Description of the task => Word for word, the data below must be repeated in full; no picture is to be included.

[Web page caption snippets]

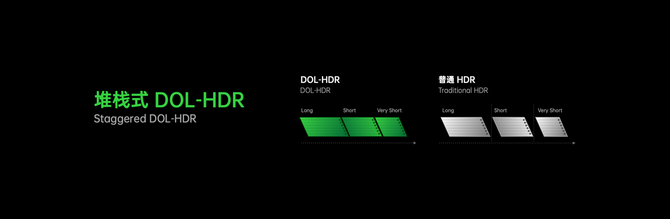 ɫ�ʹ������ڱ����ӣ�OPPO����ȫ��·ɫ�ʹ���ϵͳ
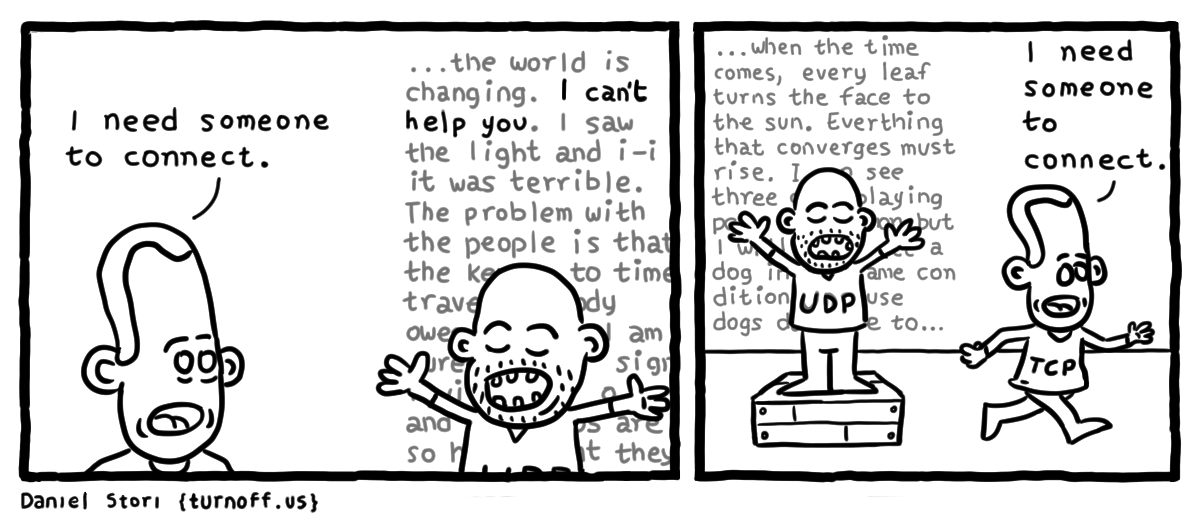 turnoff.us – protocols (2016-11-19). Daniel Stori, CC BY-NC-SA 4.0. https://turnoff.us/geek/protocols/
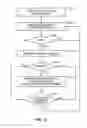 Fig. 26 - PROXIMITY-BASED SOCIAL GRAPH CREATION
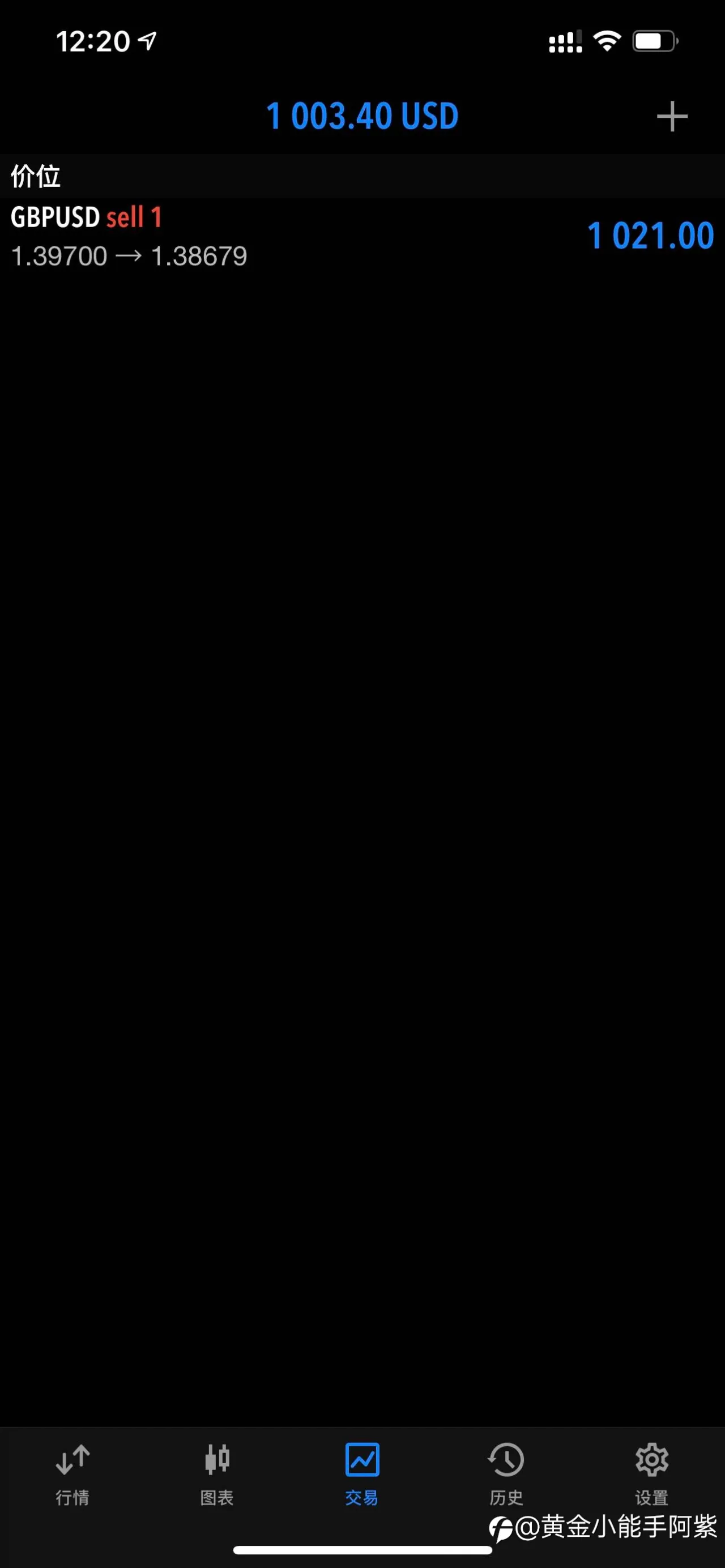 feed image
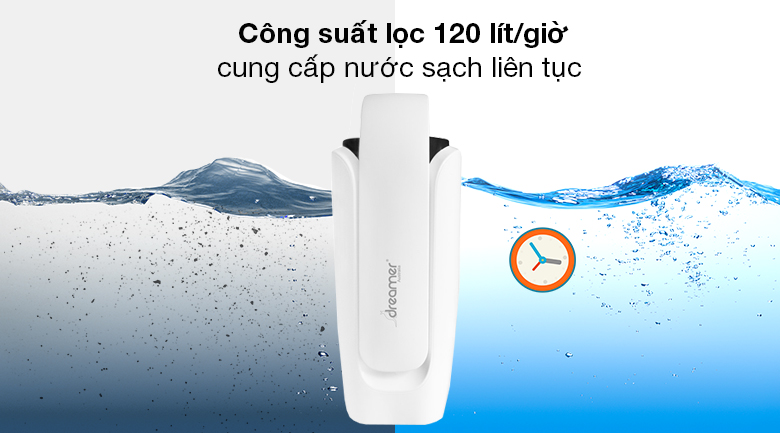 Máy lọc nước ion kiềm Dreamer WPA160W - Công suất lọc 120 lít/giờ mạnh mẽ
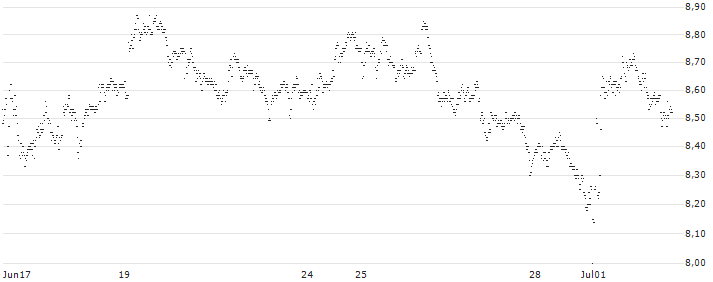 UNLIMITED TURBO BULL - ERAMET(L888Z) : Historical Chart (5-day)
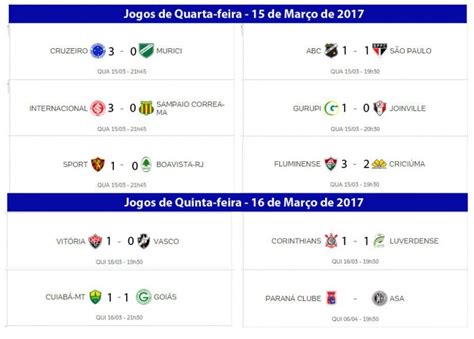 resultado dos jogos da copa do brasil de ontem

Your response =>
 ɫ�ʹ������ڱ����ӣ�OPPO����ȫ��·ɫ�ʹ���ϵͳ
 turnoff.us – protocols (2016-11-19). Daniel Stori, CC BY-NC-SA 4.0. https://turnoff.us/geek/protocols/
 Fig. 26 - PROXIMITY-BASED SOCIAL GRAPH CREATION
 feed image
 Máy lọc nước ion kiềm Dreamer WPA160W - Công suất lọc 120 lít/giờ mạnh mẽ
 UNLIMITED TURBO BULL - ERAMET(L888Z) : Historical Chart (5-day)
 resultado dos jogos da copa do brasil de ontem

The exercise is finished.